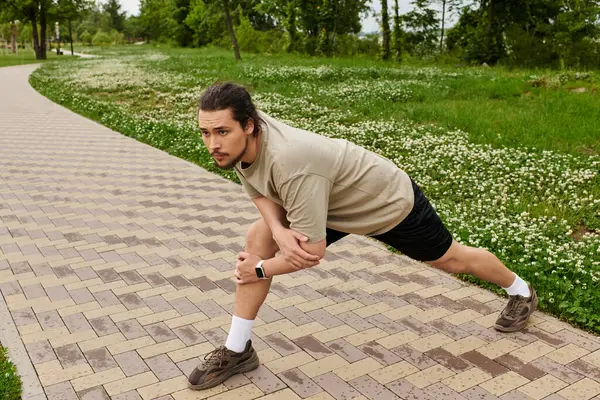 A young man with a beard stretches on a walkway surrounded by lush greenery during the day. — Stock Photo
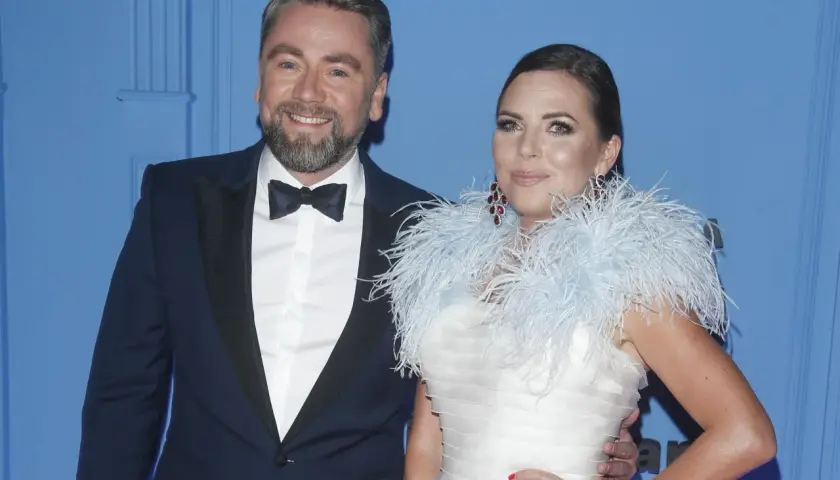 Mąż Oli Kwaśniewskiej, Piotr, w eleganckim smokingu u boku żony w białej sukni z piórami.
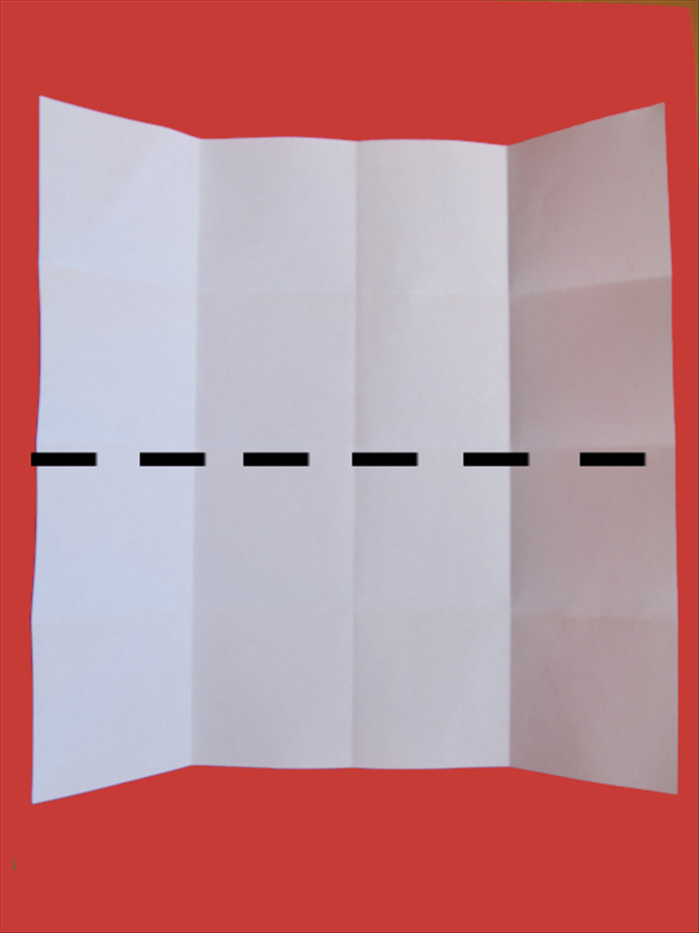 Bring the bottom edge up to the top edge  to fold the paper in half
--------------------
How to complete this task - Every line of the material above must be written out exactly, with no pictures.

Task result -
 A young man with a beard stretches on a walkway surrounded by lush greenery during the day. — Stock Photo
 Mąż Oli Kwaśniewskiej, Piotr, w eleganckim smokingu u boku żony w białej sukni z piórami.
 Bring the bottom edge up to the top edge  to fold the paper in half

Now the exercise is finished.